In the U.S., much scholarship of the Shoah has its roots in the first English-language books on the subject, published in the 1960s. Israeli historical research, by contrast, flows from the works of a different set of scholars, much less known on this side of the Atlantic, with a different set of assumptions and priorities. The deans of this group were Yitzhak Arad, Israel Gutman, and Yehuda Bauer—the last of whom died on October 18. Andrew Silow-Carroll describes how Bauer, as a graduate student, came to the subject:
In a conversation with Abba Kovner, the poet who had led the resistance to Nazi rule in the Vilna ghetto, the young historian said he knew there was a larger story to tell but admitted that he was fearful of taking on a subject as monumental as the Holocaust. Kovner convinced him that there was no more important event in Jewish history and that his fear of the subject was “a very good starting point.”

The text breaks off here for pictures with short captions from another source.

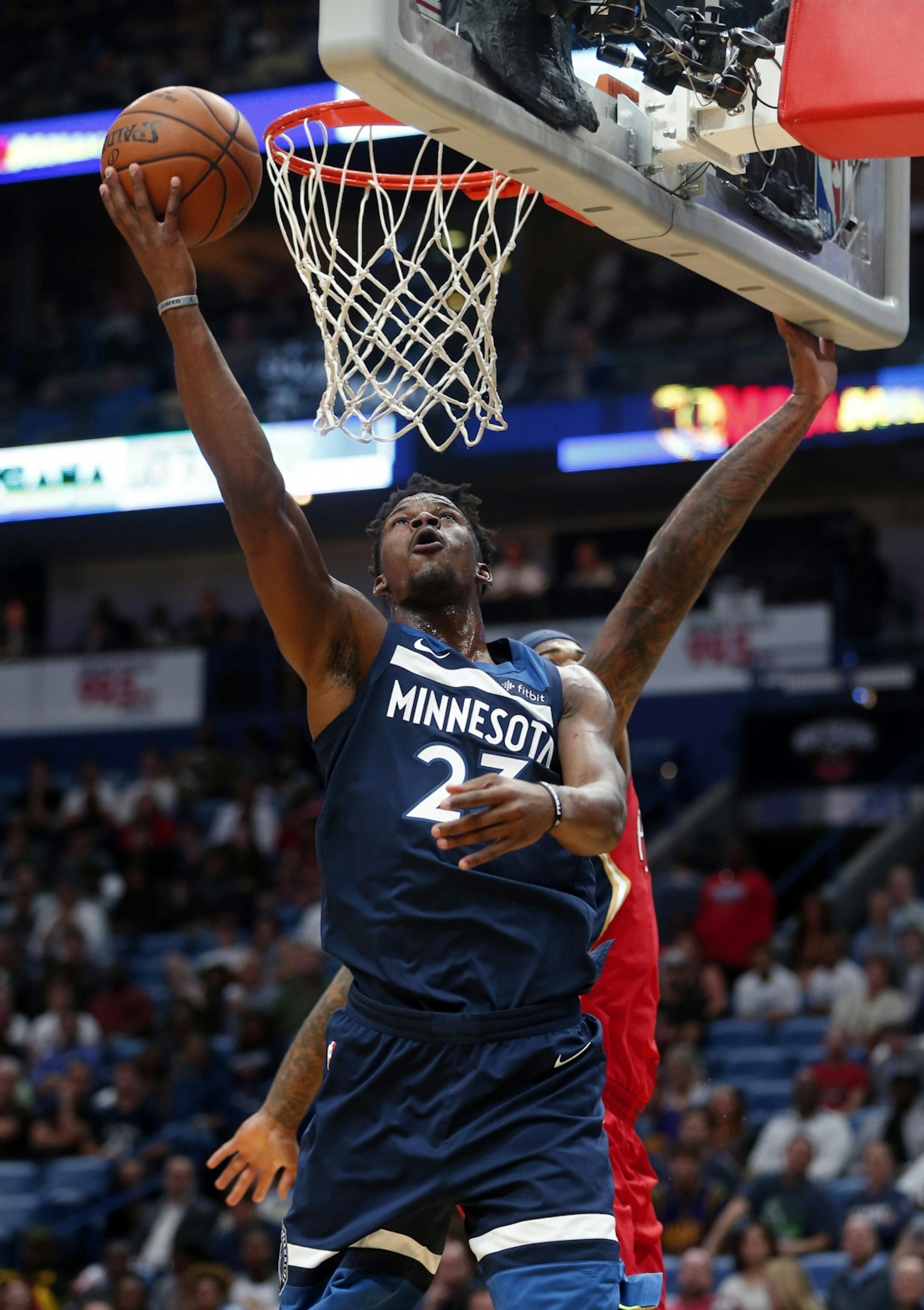 Minnesota Timberwolves guard Jimmy Butler (23) goes to the basket in front of New Orleans Pelicans center DeMarcus Cousins during the first half of an NBA basketball game in New Orleans, Wednesday, Nov. 29, 2017.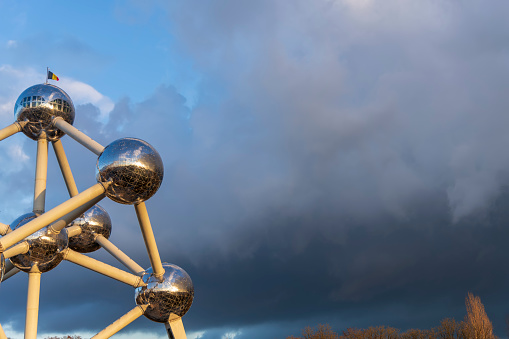 The Atomium Monument In Brussels with dark dramatic sky and with National Flag on the top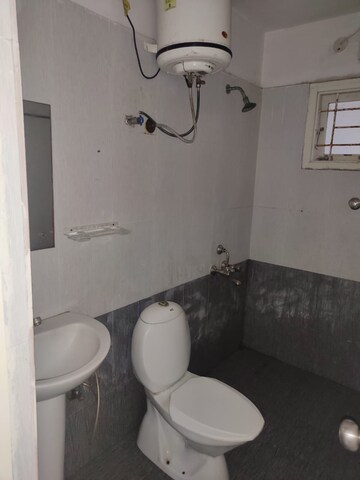 Bathroom in 3 BHK Apartment at Sai Krupa Harmony, Mahadevpura – for Rent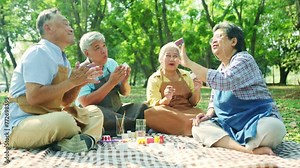 Happy group elderly asian gather together relax shady garden recreational activities show their talents creativity design paint colorful plaster relax show off your skills making good and healthy.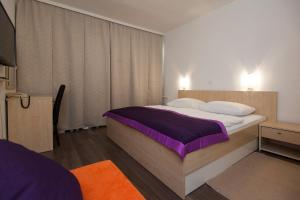 Postel nebo postele na pokoji v ubytování Hotel Slaven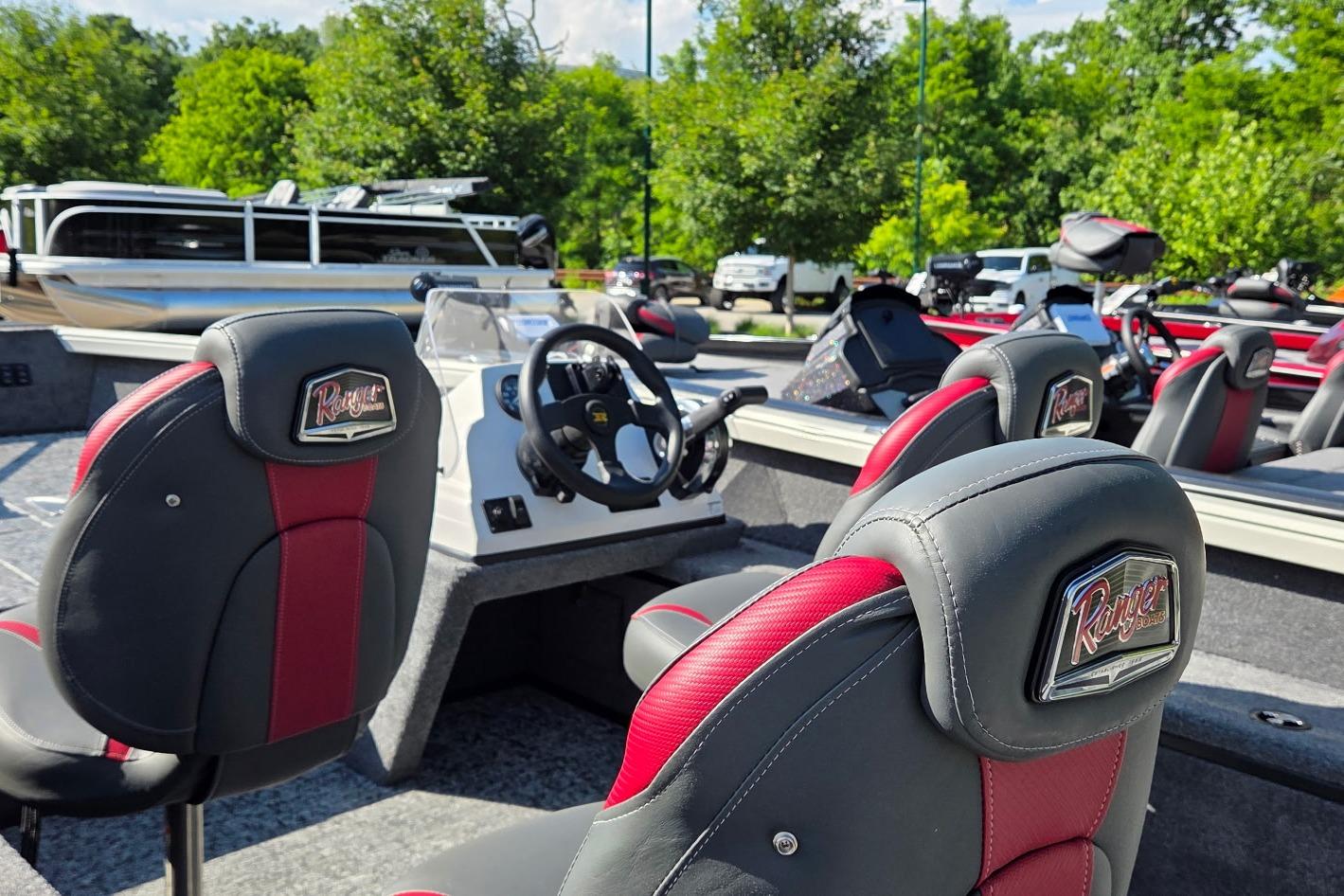 2026 Ranger VS1665SC boat interior with red and gray seats, steering wheel, and console.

Bauer was born in Prague in 1926, and with his family left Czechoslovakia on March 15, 1939, the same day the country was annexed by the Nazis. The family fled to Poland and Romania before settling in British Mandate Palestine later that year.
Bauer attended high school in Haifa and served in the pre-state Jewish paramilitary known as the Palmach. He studied at Cardiff University in Wales on a scholarship, returning home to Israel to fight in the 1948-49 War of Independence. (Welsh was one of the nine languages he was able to speak.)
In 1998, Bauer gave a speech to the German Bundestag in which he proposed three additional commandments to the Ten Commandments. “I come from a people that gave the Ten Commandments to the world,” he said. “Let us agree that we need three more, and they are these: thou shalt not be a perpetrator; thou shalt not be a victim; and thou shalt never, but never, be a bystander.”